Pre-tupping flock management 

It is recommended that optimum ewe body condition is maintained by managing and monitoring flock BCS all-year-round, with a particular focus at specific points in the year such as pre-tupping.

This is for a number of reasons: 

  • Ewes have an underlying four-to-five-month follicle maturation cycle so nutrition and BCS have an influence on ovulation rates for up to six months before tupping 
  • If ewes receive below maintenance level of nutrition in the six weeks pre-tupping, there is a risk to early foetal development 
  • The loss of too much body condition can affect future fertility and offspring fertility

It is also worth noting that feeding legumes, red clover or silage 45 days before and after tupping should be avoided to prevent ovarian function being compromised.

As part of your pre-tupping management, make sure you don’t overlook your rams. Consider giving them a health MOT to ensure they are in optimal condition to avoid potential fertility issues.  

guide improving ewe

Leaner ewe management  

Leaner ewes (with a BCS of 2 or less post-weaning), or ewes that don’t reach their target BCS six weeks pre-tupping should have their nutritional intakes increased gradually to achieve optimum BCS at mating. 

Ewes that are below their target BCS tend to have a poorer ovulation rate, with a reduction in scanning percentage. If lowland crossbred ewes increase their BCS from 2.5 to 3.5 scanning percentages can increase by 20-40%.  

Ewes with a lower BCS will be hormonally driven to increase their dry matter intakes by up to 30% more, however if grazing intakes do not meet energy requirements, flushing could be used to increase body condition scores.
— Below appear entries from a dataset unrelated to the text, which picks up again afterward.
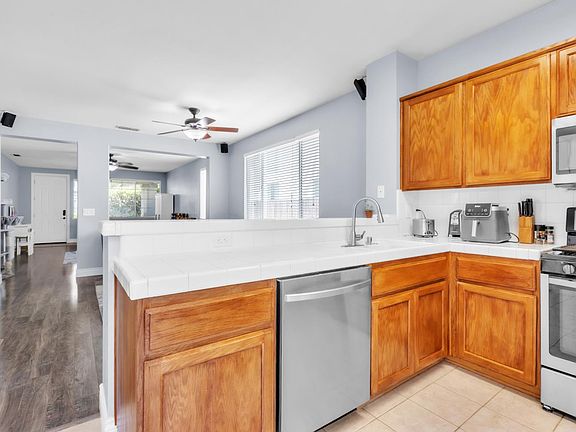 3rd image of 6529 Trailride Way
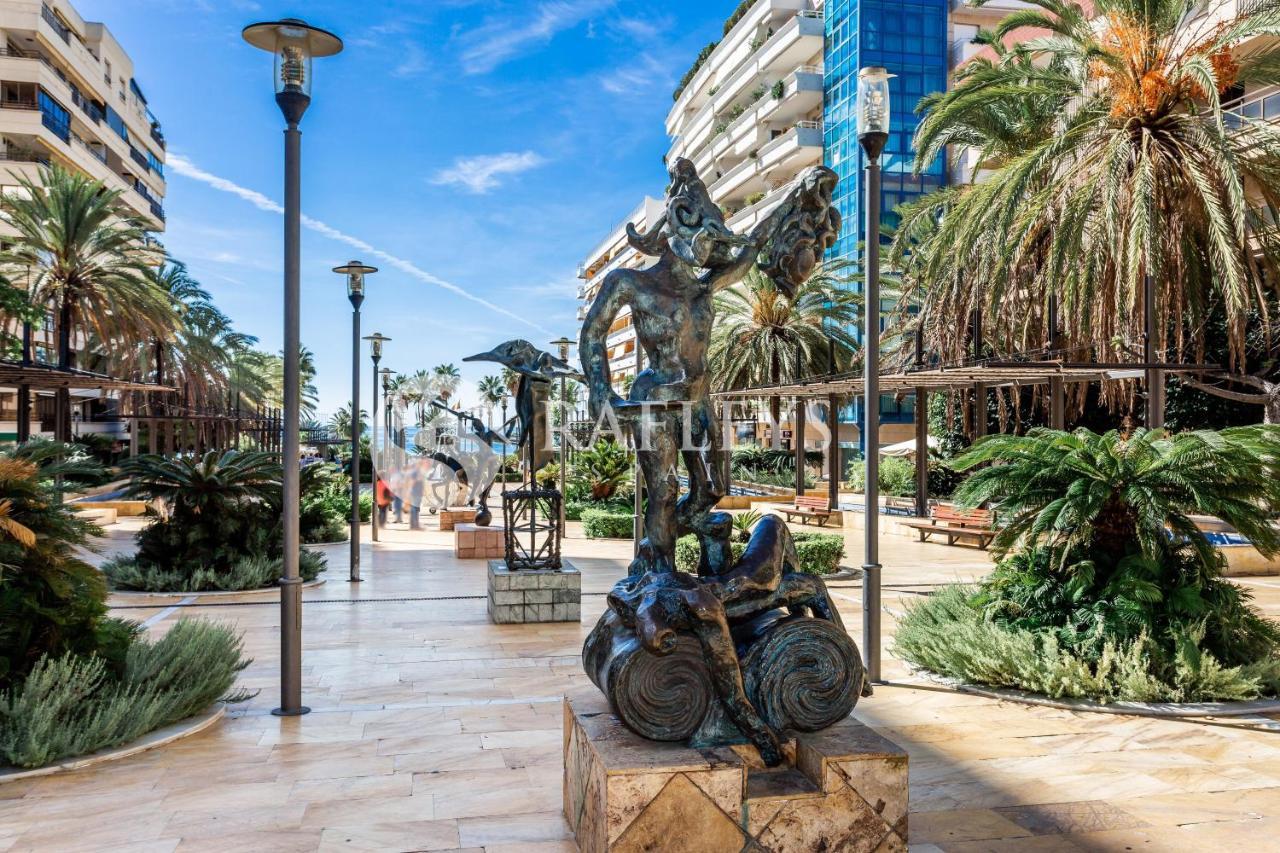 Modern 1 BR apartement in very center of Marbella. Buitenkant foto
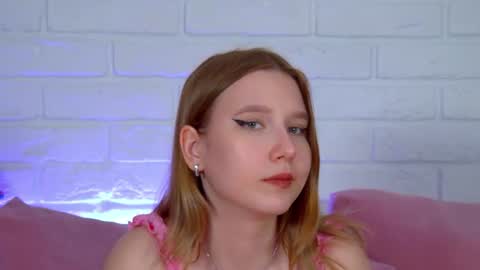 LiliLinn online show from June 20, 9:46 am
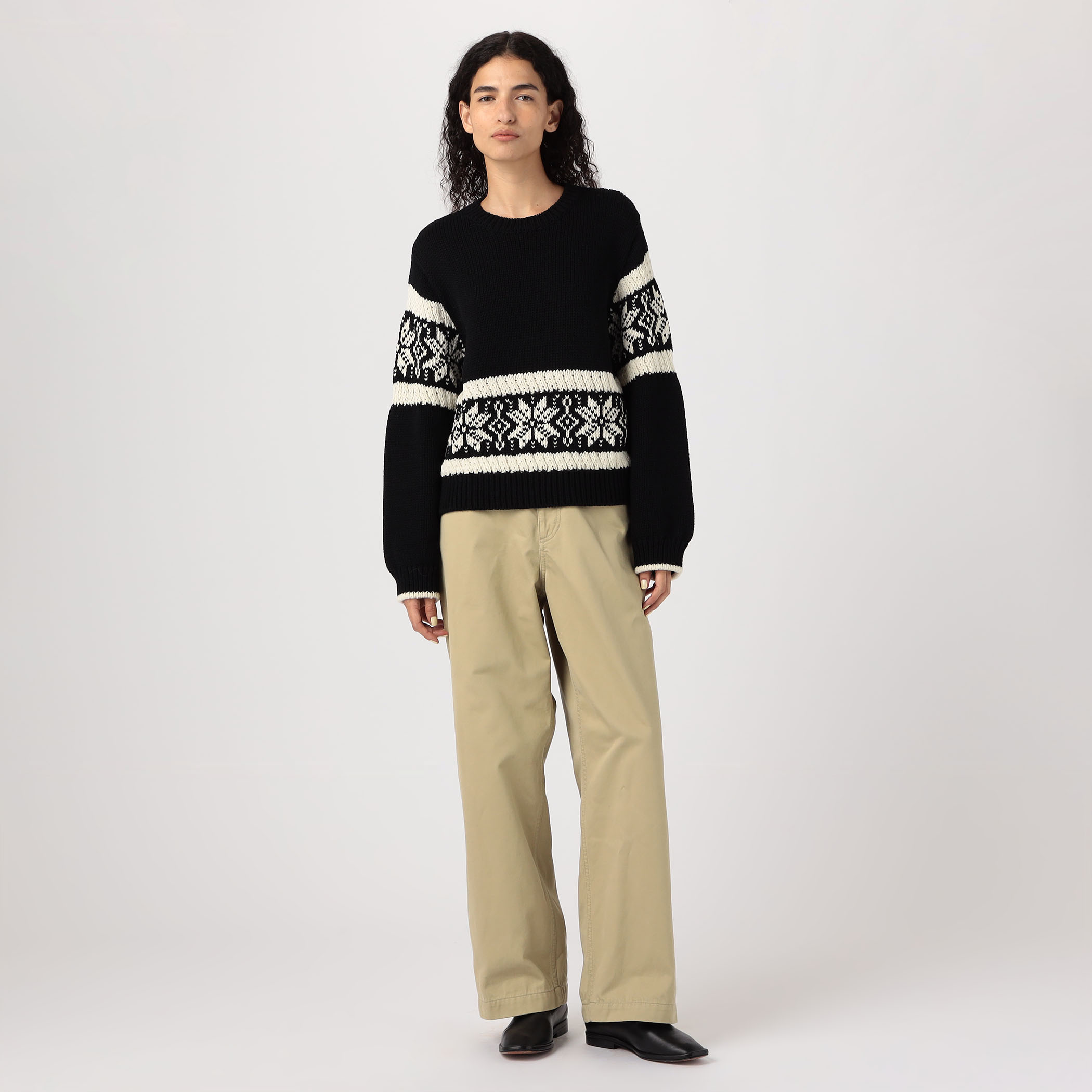 モノトーンジャカード クルーネックプルオーバー｜トゥモローランド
Flushing by feeding a high plane of nutrition can be achieved by providing access to better-quality grazing, and if necessary, supplementary feed and nutritional blocks. 

The fertility of ewes in good condition won’t be improved by flushing as an ideal BCS will optimise ovulation, conception and embryo implantation rates. 

If leaner ewes don’t gain condition on good grazing after four to five weeks, seek advice from your vet.

For more information on ewe nutrition and improving BCS pre-tupping check out our three top tips for preparing ewes for tupping blog. 

improving ewe fertility

Avoiding issues when improving ewe fertility

Increasing ewe nutritional intakes to improve ewe fertility should be done with care to avoid issues arising. For example:

  • A rise in nutrition in highly prolific breeds, such as the Lleyn and Aberdale, will result in excessive ovulation rates and therefore excessive embryo numbers developing
  • When leaner, older ewes are pushed into high ovulation rates there is an increased likelihood that they could carry triplets which could cause issues during pregnancy and at lambing

Top Tips To Prepare Rams For Tupping

preparing rams for tupping

Performing a ram check ten weeks pre-tupping will ensure any health or condition problems are detected in good time. This will allow for treatment to be administered or replacements to be sourced.

If rams aren’t in the best condition for tupping, they won’t be working to their full potential, so the productivity and profitability of your flock could be negatively impacted.

Perform a ram MOT

Use the four T’s rule when checking over rams.

Teeth – Rams with mouth problems could be prevented from reaching their ideal body condition score pre-tupping or lose more condition than is normal during tupping. To prevent this, check for:

  • Spikey or missing teeth
  • Under and overshot jaws (the teeth should touch the dental pad at the top)
  • Abscesses along the jawline

Consider replacement rams if grazing is affected by these issues or in the case of infection, consult your vet.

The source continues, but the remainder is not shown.